Combine sauce ingredients. For the soy sauce, five spice powder and garlic powder use the lesser amounts and taste the sauce when it’s mixed. Add more of these ingredients if you prefer. Place the chicken thighs in a pan. Top with the sauce ingredients. Bake, uncovered, in a 350 degree oven.

If you want some sauce to put on rice, double the sauce recipe to put on the chicken. Then bake the chicken, covered instead of uncovered. To finish the sauce after the chicken is baked, remove the chicken pieces and keep warm. Put the sauce into a kettle. Skim any oil you don’t want in the sauce. (Save the oil for a white sauce or gravy another day.) Combine 2 to 3 tablespoons cornstarch with 1/2 cup cool water. Add to the sauce in the kettle and stir in. Heat till boiling and thickened. If you prefer using arrowroot instead cornstarch, stir together same amount of arrowroot and water. Before adding the arrowroot, boil the sauce ingredients and remove from the heat. Add the amount of thickening preferred.

Cathy’s Cooking Corner

BBQ Chicken on the Grill

Summer is the time for grilling. This bbq chicken recipe is our favorite. We sell grilling halves that are great for this recipe. Of course, any piece of chicken is wonderful on the grill!

8 chicken pieces

2 cups vinegar
2 cups water
1/2 cup butter or oil
1 tablespoon pepper (optional)
8 teaspoons salt
4 teaspoons Worcestershire sauce
1 teaspoon garlic powder

Bring the marinade ingredients to a boil. Remove from heat. Marinade the chicken pieces in the sauce for one hour. Grill the chicken, basting frequently with the marinade.

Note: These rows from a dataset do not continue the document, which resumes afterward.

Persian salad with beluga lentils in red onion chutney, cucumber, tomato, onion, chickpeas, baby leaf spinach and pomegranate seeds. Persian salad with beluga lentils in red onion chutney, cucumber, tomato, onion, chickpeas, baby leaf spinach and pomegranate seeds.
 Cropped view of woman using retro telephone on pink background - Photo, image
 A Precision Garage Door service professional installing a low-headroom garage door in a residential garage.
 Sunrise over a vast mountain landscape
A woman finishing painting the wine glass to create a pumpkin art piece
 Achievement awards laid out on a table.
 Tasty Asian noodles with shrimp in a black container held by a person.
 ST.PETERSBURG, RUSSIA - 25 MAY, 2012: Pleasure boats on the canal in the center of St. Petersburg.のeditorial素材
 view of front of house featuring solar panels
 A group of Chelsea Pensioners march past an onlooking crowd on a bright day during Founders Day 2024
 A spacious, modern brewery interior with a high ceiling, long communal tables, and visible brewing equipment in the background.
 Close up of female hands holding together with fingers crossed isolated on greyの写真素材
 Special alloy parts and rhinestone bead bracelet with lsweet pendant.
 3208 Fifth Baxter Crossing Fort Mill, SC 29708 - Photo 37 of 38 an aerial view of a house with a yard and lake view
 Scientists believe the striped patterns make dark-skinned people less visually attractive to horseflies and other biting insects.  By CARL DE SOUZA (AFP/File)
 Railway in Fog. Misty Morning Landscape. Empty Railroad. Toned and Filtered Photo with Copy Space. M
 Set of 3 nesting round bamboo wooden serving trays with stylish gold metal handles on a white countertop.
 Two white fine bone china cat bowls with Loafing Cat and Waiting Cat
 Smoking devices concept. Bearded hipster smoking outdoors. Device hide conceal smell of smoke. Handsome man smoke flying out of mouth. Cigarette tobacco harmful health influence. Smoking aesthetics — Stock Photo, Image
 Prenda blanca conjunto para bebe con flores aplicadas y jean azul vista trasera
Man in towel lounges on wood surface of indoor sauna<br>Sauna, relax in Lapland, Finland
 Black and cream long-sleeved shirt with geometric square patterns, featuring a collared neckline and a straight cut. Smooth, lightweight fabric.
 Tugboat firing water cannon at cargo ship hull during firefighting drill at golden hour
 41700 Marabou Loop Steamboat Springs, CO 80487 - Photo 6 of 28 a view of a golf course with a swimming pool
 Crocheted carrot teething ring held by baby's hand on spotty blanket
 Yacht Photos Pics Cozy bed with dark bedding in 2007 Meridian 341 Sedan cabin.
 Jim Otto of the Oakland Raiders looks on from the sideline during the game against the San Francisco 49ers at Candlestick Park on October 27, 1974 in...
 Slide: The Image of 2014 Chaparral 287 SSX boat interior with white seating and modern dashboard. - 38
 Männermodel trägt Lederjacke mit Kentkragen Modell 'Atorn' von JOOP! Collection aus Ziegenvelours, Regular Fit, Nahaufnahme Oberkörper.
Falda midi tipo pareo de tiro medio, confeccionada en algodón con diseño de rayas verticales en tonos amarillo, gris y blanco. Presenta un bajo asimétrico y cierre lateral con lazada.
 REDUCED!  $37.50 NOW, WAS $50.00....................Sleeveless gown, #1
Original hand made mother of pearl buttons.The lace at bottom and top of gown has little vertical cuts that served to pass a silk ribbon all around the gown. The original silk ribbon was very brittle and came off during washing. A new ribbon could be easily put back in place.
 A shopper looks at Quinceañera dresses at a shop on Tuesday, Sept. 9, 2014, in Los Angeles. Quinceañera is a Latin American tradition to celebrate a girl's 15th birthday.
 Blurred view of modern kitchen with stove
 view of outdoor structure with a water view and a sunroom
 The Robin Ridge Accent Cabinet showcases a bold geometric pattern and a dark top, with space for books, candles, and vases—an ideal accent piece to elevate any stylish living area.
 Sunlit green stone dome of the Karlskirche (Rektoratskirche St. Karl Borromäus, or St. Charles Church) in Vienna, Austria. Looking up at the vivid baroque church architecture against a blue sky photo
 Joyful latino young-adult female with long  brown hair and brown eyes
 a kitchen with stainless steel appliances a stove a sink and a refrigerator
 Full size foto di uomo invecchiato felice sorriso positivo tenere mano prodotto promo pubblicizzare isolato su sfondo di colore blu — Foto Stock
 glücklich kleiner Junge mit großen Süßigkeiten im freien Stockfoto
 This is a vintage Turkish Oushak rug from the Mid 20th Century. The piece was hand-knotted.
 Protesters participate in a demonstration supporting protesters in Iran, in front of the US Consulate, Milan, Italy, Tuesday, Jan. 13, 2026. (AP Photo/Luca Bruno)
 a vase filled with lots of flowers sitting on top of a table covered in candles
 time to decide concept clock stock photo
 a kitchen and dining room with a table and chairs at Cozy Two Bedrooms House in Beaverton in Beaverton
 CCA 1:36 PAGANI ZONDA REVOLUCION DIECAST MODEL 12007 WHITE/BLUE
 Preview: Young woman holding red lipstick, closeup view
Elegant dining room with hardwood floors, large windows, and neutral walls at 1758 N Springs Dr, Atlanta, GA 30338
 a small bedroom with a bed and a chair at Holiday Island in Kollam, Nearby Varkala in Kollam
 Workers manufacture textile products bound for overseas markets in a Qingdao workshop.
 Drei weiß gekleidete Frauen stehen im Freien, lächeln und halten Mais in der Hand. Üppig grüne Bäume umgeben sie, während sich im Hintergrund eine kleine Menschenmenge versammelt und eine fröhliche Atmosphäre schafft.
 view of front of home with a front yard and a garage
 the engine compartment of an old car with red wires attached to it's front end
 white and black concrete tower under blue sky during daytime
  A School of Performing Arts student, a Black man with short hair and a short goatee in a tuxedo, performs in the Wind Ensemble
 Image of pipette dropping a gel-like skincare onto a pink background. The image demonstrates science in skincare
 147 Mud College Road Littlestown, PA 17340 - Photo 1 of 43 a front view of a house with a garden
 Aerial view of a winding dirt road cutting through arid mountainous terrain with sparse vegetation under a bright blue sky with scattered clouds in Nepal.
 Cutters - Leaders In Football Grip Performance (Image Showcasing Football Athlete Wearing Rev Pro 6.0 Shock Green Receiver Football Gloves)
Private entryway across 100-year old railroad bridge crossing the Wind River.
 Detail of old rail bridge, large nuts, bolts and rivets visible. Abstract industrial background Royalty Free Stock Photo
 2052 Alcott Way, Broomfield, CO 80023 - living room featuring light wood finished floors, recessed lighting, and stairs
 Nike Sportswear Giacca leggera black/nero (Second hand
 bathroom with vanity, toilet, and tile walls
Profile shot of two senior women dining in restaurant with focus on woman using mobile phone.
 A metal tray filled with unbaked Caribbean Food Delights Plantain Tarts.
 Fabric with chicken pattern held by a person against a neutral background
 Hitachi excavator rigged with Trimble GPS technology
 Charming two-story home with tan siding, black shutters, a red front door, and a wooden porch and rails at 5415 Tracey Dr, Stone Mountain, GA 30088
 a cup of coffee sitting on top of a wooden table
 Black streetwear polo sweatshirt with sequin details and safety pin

You can grill the chicken till it’s done and serve it immediately, but there’s something you can do that will make the chicken even better. When the chicken is grilled well on both sides (it doesn’t have to be finished clear through), put it into a crock pot with a little of the marinade and cook it in there for at least an hour or until you want to serve it. This causes the flavors to meld together and the chicken is super tender and absolutely delicious. The temperature of the crock pot depends on how soon you want to serve the chicken and how nearly finished it is when taking it off the grill. Enjoy!